Getting Started with Comotion Python SDK

This documentation helps you get set up on and use the python Comotion SDK. This documentation includes this getting started page, and full documentation on the sdk functions:

This is an open source project, and can be contributed to by the community.

The full Comotion documentation portal can be found here.

Installation

Install the comotion-sdk in your python environment using pip:

pip install comotion-sdk

Uploading Data to Dash Using the SDK

In order to use it in your python file, you must first import it. In these examples we will import the dash module directly as follows

from comotion import dash

The dash module has a number of useful functions to interact with the Comotion Dash API.

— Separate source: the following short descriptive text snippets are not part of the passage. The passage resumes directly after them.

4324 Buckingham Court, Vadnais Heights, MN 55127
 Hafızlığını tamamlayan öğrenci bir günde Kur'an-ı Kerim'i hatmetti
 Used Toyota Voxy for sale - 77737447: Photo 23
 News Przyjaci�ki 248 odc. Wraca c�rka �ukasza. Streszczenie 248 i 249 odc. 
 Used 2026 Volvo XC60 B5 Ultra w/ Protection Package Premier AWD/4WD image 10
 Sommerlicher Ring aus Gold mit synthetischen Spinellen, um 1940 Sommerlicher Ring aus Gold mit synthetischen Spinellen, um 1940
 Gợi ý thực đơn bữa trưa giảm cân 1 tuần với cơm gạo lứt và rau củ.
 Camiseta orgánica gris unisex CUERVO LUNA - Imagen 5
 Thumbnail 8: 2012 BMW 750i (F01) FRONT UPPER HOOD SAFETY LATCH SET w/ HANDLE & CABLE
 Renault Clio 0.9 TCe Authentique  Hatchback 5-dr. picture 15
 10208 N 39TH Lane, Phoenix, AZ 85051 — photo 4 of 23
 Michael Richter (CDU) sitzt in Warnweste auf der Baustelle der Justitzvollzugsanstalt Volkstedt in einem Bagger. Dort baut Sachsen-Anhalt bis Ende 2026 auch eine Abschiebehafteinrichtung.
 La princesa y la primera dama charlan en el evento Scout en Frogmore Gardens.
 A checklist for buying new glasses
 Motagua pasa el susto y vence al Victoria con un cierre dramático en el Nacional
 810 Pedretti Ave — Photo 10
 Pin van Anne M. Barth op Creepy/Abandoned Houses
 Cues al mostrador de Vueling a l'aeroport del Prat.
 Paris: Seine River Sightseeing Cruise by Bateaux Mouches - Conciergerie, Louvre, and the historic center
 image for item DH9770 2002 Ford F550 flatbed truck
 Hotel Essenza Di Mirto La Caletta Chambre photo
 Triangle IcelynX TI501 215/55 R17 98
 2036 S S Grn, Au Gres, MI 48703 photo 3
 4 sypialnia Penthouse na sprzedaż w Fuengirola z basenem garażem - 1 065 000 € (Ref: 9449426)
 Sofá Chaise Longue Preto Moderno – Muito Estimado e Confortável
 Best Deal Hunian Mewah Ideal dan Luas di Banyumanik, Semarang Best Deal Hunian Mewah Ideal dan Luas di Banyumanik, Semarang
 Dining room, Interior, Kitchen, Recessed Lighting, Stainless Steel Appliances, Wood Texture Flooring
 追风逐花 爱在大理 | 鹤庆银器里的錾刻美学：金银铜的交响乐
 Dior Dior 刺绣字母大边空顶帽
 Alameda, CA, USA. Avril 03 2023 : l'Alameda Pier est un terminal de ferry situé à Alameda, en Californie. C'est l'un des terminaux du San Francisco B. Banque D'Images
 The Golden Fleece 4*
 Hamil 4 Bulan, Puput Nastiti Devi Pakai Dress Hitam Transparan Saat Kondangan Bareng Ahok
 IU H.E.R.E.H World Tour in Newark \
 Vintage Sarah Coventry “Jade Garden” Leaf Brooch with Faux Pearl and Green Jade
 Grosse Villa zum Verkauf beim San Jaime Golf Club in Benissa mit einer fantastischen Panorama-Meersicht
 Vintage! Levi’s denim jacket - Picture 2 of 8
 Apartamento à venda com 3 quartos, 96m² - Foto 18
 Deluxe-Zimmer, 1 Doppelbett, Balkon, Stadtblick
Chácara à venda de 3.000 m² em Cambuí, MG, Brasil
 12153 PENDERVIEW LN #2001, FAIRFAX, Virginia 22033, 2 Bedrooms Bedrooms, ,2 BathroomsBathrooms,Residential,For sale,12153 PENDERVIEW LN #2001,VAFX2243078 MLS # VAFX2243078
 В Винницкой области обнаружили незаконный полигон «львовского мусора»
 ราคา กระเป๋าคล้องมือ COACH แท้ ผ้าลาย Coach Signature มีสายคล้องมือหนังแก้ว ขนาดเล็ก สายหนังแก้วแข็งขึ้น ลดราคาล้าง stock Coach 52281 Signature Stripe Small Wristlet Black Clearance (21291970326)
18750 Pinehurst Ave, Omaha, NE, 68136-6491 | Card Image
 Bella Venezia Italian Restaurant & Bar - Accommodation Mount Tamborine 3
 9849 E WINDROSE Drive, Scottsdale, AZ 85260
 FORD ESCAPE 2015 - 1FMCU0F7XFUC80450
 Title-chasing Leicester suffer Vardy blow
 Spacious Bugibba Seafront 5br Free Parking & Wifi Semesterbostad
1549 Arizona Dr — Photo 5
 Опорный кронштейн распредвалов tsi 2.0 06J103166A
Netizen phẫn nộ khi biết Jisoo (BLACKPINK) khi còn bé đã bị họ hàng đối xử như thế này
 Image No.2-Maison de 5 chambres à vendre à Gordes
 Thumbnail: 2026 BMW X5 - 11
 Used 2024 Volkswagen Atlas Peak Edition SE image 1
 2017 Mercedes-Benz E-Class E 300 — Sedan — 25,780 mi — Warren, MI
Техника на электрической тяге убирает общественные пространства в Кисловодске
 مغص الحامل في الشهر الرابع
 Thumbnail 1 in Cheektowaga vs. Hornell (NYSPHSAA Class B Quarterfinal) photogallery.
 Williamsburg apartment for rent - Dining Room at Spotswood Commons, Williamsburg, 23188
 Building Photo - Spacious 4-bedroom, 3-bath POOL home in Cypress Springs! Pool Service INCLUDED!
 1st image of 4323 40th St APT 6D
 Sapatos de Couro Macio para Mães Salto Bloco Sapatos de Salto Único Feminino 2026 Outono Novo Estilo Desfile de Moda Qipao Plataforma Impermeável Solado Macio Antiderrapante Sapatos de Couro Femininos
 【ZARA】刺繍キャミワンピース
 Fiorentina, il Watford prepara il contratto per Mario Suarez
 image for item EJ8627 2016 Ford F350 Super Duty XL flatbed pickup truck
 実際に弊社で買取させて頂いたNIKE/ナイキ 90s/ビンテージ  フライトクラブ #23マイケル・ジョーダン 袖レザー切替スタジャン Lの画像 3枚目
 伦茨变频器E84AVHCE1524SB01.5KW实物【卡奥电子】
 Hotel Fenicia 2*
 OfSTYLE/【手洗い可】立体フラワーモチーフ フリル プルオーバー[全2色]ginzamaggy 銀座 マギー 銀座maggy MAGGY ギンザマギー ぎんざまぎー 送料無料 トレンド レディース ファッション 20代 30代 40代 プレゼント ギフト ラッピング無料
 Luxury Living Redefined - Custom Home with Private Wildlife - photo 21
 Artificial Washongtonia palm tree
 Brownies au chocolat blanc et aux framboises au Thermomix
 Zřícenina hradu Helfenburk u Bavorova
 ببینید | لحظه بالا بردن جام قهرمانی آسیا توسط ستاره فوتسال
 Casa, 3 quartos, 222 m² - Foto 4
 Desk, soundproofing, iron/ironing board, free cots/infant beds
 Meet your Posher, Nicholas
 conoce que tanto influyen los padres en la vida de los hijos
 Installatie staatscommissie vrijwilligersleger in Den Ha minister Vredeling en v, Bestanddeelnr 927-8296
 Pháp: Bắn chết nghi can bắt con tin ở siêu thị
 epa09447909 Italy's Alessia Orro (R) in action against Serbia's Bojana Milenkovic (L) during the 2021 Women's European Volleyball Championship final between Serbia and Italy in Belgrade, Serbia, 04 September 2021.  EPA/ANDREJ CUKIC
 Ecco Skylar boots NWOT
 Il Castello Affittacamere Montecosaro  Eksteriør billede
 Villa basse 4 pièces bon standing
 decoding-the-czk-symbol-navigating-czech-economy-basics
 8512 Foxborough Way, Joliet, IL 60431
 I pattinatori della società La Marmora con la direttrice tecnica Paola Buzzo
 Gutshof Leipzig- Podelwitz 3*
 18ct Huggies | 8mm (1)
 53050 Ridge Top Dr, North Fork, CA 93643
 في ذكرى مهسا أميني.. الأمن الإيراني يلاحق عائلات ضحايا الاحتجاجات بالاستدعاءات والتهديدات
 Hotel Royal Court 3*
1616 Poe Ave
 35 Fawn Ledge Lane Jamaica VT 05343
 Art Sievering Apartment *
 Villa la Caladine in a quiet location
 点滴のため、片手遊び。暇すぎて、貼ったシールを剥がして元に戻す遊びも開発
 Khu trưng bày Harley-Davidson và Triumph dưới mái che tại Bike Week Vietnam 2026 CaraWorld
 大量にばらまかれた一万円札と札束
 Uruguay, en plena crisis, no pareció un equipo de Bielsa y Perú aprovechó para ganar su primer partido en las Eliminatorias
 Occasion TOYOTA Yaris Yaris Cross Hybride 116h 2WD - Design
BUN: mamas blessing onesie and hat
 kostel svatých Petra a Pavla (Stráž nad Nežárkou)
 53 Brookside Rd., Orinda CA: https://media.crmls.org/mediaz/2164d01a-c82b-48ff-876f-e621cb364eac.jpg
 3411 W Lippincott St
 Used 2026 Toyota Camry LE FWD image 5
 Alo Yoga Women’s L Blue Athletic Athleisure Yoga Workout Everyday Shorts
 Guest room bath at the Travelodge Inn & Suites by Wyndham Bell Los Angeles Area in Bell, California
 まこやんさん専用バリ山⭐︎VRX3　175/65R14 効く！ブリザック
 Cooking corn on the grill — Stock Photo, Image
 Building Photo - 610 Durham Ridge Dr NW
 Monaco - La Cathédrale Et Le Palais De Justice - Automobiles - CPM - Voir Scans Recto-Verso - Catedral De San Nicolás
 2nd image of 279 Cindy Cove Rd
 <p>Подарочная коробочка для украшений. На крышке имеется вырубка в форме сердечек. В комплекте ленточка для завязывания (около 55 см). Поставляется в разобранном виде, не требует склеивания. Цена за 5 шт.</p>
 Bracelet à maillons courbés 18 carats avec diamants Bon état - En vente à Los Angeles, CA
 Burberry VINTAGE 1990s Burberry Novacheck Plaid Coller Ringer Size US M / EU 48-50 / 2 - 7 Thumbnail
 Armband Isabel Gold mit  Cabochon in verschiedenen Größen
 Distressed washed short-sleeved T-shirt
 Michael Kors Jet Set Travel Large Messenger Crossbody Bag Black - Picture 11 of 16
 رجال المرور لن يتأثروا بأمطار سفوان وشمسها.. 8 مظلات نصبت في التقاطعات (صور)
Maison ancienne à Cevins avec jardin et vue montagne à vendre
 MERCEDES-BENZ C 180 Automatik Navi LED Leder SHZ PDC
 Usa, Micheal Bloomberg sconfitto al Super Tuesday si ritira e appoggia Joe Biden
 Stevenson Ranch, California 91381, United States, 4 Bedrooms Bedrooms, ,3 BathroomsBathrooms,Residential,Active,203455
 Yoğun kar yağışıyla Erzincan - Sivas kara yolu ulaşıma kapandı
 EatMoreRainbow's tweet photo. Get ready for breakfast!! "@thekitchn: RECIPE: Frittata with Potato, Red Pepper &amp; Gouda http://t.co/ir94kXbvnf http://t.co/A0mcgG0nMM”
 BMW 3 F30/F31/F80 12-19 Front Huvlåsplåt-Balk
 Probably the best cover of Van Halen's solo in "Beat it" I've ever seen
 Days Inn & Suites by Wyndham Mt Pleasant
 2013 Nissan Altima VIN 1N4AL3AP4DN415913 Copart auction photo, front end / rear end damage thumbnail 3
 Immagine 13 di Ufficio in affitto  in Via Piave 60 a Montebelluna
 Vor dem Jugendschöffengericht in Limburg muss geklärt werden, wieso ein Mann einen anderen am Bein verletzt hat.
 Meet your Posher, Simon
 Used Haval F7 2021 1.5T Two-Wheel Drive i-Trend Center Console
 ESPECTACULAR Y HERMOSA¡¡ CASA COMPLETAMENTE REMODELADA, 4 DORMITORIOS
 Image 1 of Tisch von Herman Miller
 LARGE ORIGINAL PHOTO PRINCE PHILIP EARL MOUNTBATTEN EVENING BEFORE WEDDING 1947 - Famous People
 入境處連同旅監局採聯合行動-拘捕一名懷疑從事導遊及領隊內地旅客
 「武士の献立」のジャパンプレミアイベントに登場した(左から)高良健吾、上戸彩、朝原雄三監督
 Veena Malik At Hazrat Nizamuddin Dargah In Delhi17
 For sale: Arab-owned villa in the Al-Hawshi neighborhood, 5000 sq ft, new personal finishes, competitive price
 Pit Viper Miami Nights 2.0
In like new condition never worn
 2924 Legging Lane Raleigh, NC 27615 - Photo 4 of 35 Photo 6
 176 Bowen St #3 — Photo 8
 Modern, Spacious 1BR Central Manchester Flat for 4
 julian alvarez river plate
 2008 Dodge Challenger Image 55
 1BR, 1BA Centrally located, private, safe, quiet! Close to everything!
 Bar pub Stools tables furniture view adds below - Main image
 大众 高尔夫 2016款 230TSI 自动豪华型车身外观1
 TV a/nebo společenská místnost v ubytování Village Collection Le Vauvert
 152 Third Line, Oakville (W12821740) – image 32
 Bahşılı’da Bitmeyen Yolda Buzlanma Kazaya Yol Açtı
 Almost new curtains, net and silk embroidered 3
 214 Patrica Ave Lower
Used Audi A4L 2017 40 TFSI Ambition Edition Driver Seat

Uploading a csv file to Dash

The read_and_upload_file_to_dash reads a csv file, breaks it up, gzips the files and pushes them to the Dash API.

# Break up and upload file to Dash

from comotion import dash
from getpass import getpass

# set relevant parameters
dash_orgname = 'my_org_name'
dash_api_key = ''
dash_api_key = getpass(
    prompt='Enter your ' + dash_orgname + '.comodash.io api key:'
) # this prompts the user to enter the api key

dash.read_and_upload_file_to_dash(
    './path/to/csv/file.csv',
    dash_table='my_table_name',
    dash_orgname=dash_orgname,
    dash_api_key=dash_api_key
)

Modifying a file for upload

Often you will want to add a column - such as an upload timestamp or batch number - to the csv file to be uploaded. This can easily be done by using the modify_lambda parameter. It accepts a python function that recieves a pandas.dataframe read from the csv. Here is an example of adding a timestamp as a column called snapshot_timestamp to the csv:

# Break up and upload file to Dash with Extra Column

from comotion import dash
from getpass import getpass
from datetime import datetime

# define the function used to modify the file

myTimeStamp = datetime.now().strftime("%Y-%m-%d %H:%M:%S.%f")

def addTimeStamp(df):
 df['snapshot_timestamp'] = myTimeStamp

# set relevant parameters

dash_orgname = 'my_org_name'
dash_api_key = ''
dash_api_key = getpass(
    prompt='Enter your ' + dash_orgname + '.comodash.io api key:'
) # this prompts the user to enter the api key

dash.read_and_upload_file_to_dash(
    './path/to/csv/file.csv',
    dash_table='my_table_name',
    dash_orgname=dash_orgname,
    dash_api_key=dash_api_key,
    modify_lambda=addTimeStamp
)

Testing and debugging an upload script

In order to check that your script is working, you can run a dry run. This saves the files locally rather than uploading them to dash - so that you can check the result before uploading.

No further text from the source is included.